The process you need to go through is actually similar to the camera calibration procedure in OpenCV or other software. The chessboard is replaced by your robot, and you can skip the intrinsic estimation step. I would actually recommend you take a look https://github.com/hengli/camodocal a multi rig camera calibrator.
Anyways a high level overview.
The two steps you have to take are:
- Initial Pose Estimation
- Refinement via Bundle Adjustment.
Step 1:
You actually only need 1 frame for this. Probably take the synced images that has the most the most projected points in common. (Minimum is 3 points, but you really need each camera to see the 4 same points).
Define your reference frame/origin in your robot/object. You will be estimating the camera positions relative to this. You now also have the 3D bounding box corner positions relative to this frame. If you define it to be the center of the object then a point might look like $[\frac{width}{2},\frac{length}{2},\frac{height}{2}]$
Take your pick of PnP algorithm, and estimate the camera poses(Se3) individually. The 3D points are your bounding box corners relative to your origin. The projections are the 2D coordinates in your image. If you pick the origin to be the center of your robot then you now have calculated the pose of your camera with respect to the center of the robot.
Do some matrix multiplication to convert the camera poses in the object frame, to be relative to the first camera pose.
$$ T_{1,2}=T_{o,1}^{-1}*T_{o,2} $$
Should look like that. Here $o$ is your object coordinate frame, and $1,2$ refer to camera 1 and camera 2.
If your cameras only partially overlap(e.g. only cameras 1,2 and 2,3 have overlaps) then do the same steps for each pair, and then just chain the transforms.

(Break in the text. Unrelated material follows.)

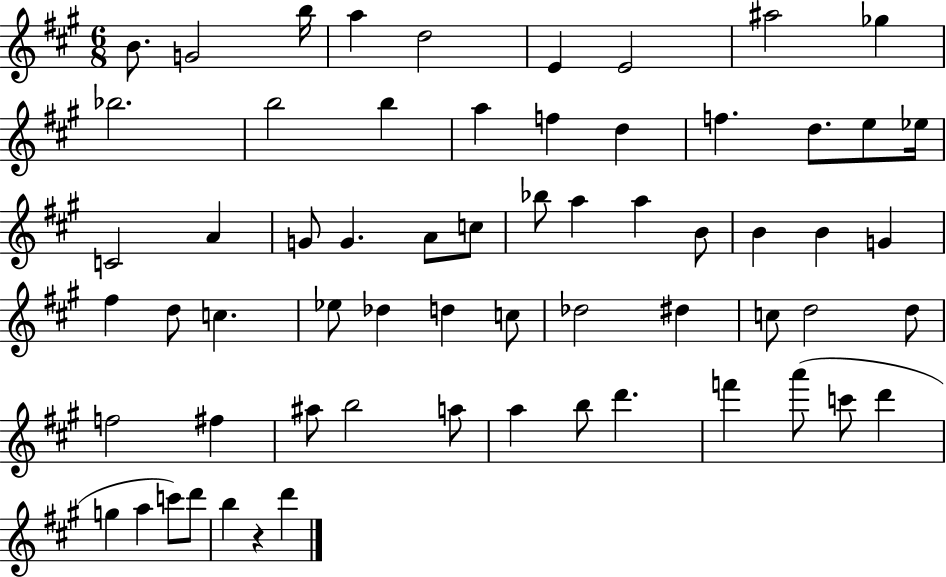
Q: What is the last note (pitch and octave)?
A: D6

$$T_{13} = T_{1,2}*T_{2,3} $$
Step 2:
I will say this step might be optional for you. You already have the camera positions from step 1, so this just helps refine the results.
Essentially you just need to set up a large Bundle Adjustment problem and solve it using something like Ceres.

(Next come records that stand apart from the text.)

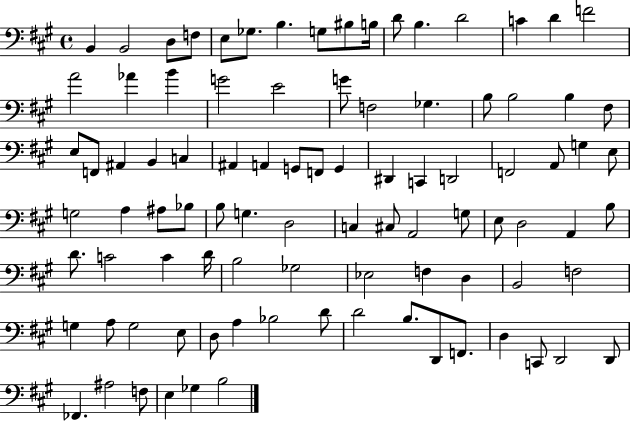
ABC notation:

X:1
T:Untitled
M:4/4
L:1/4
K:A
B,, B,,2 D,/2 F,/2 E,/2 _G,/2 B, G,/2 ^B,/2 B,/4 D/2 B, D2 C D F2 A2 _A B G2 E2 G/2 F,2 _G, B,/2 B,2 B, ^F,/2 E,/2 F,,/2 ^A,, B,, C, ^A,, A,, G,,/2 F,,/2 G,, ^D,, C,, D,,2 F,,2 A,,/2 G, E,/2 G,2 A, ^A,/2 _B,/2 B,/2 G, D,2 C, ^C,/2 A,,2 G,/2 E,/2 D,2 A,, B,/2 D/2 C2 C D/4 B,2 _G,2 _E,2 F, D, B,,2 F,2 G, A,/2 G,2 E,/2 D,/2 A, _B,2 D/2 D2 B,/2 D,,/2 F,,/2 D, C,,/2 D,,2 D,,/2 _F,, ^A,2 F,/2 E, _G, B,2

- Build your 3D Pointcloud. This pointcloud is composed of your bounding box corners at every timestamp. So in total you should have maximum $8*100=800$ points(probably less because sometimes a point isn't visible).
How to exactly do this is tricky. If your robot has perfect odometry then you can just multiply your points by the odometry transform. You can run an object pose estimator algorithm for all timestamps in camera 1. You can use the PnP algorithm again. You just need all 800 3D corner positions in a common reference frame, and there are different ways of doing that.
Build your optimization problem in something like Ceres. Your cost function terms should link the 3D points and the cameras that observe it. See the camodocal code for examples of this.
Solve the bundle adjustment problem.